Key measures reflecting consumer and business confidence show no indication of a sharp bounce back from previous lows, ABN Amro economist Nora Neuteboom said in a report published on Tuesday.
“While we have seen the worst, we only expect a modest recovery,” she said.
Turkey’s government is seeking to stimulate the economy through cheap lending from state-run banks and lower central bank interest rates. The lira hit a record low of 7.22 to the dollar last August after concerns of an overheating economy were exacerbated by a political crisis with the United States over the detention of an American pastor.

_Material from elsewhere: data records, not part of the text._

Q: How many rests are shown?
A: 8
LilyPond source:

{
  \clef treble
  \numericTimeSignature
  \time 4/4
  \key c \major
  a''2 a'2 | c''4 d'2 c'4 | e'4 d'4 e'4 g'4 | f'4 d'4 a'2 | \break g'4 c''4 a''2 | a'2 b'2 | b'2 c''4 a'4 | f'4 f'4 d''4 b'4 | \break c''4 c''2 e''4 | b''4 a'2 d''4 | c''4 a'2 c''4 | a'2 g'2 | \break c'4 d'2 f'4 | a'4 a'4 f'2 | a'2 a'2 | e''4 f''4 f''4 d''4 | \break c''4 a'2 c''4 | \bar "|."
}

Treasury and Finance Minister Berat Albayrak, the son-in-law of President Recep Tayyip Erdoğan, says Turkey is emerging from its downturn and that economic growth will be positive this year.
ABN Amro expects an economic contraction of 1.5 percent in 2019 before the economy recovers to post growth of 2.5 percent next year, Neuteboom said. Recovering consumer confidence suffered another blow in May, while retail sales and the manufacturing outlook remain negative, she said.

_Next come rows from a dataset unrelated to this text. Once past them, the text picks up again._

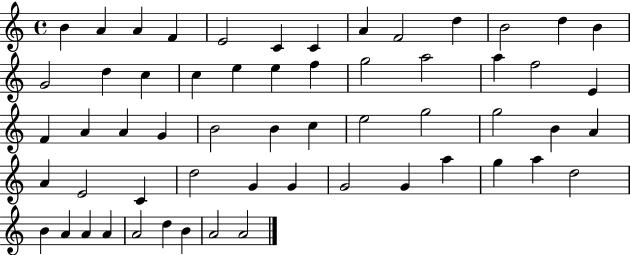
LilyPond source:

{
  \clef treble
  \time 4/4
  \defaultTimeSignature
  \key c \major
  b'4 a'4 a'4 f'4 | e'2 c'4 c'4 | a'4 f'2 d''4 | b'2 d''4 b'4 | \break g'2 d''4 c''4 | c''4 e''4 e''4 f''4 | g''2 a''2 | a''4 f''2 e'4 | \break f'4 a'4 a'4 g'4 | b'2 b'4 c''4 | e''2 g''2 | g''2 b'4 a'4 | \break a'4 e'2 c'4 | d''2 g'4 g'4 | g'2 g'4 a''4 | g''4 a''4 d''2 | \break b'4 a'4 a'4 a'4 | a'2 d''4 b'4 | a'2 a'2 | \bar "|."
}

The central bank – Erdoğan replaced its chief policymaker in July – is expected to cut interest rates by 425 basis points during the remainder of the year, equal to the 425-basis point reduction made last month, to 15.5 percent, Neuteboom said. Meanwhile, inflation is set to end 2019 at 15 percent, she said.
Monetary policymakers, now more conducive to towing Erdoğan’s line on lower interest rates, are likely to front-load the reductions at their next meetings in September and October, Neuteboom said. Interest rates will probably fall further to 11 percent by the end of 2020, she said.
The main short-term risk to Turkey’s economy is the possibility of US sanctions for Ankara’s purchase of Russian S-400 air defense missiles, Neuteboom said. The discussion has now moved on from immediate repercussions to whether Turkey will activate the weapons system, giving the Erdoğan government some leeway, she said.
“The situation is very unpredictable as it is largely dictated by the US political position towards another NATO member and – unfortunately – by the mood of Mr. Trump,” she said.
“That said, if sanctions are imposed, it will not rain but it will pour. The US is still the largest investor in Turkey and the mild sanctions imposed last August caused a widespread market panic.”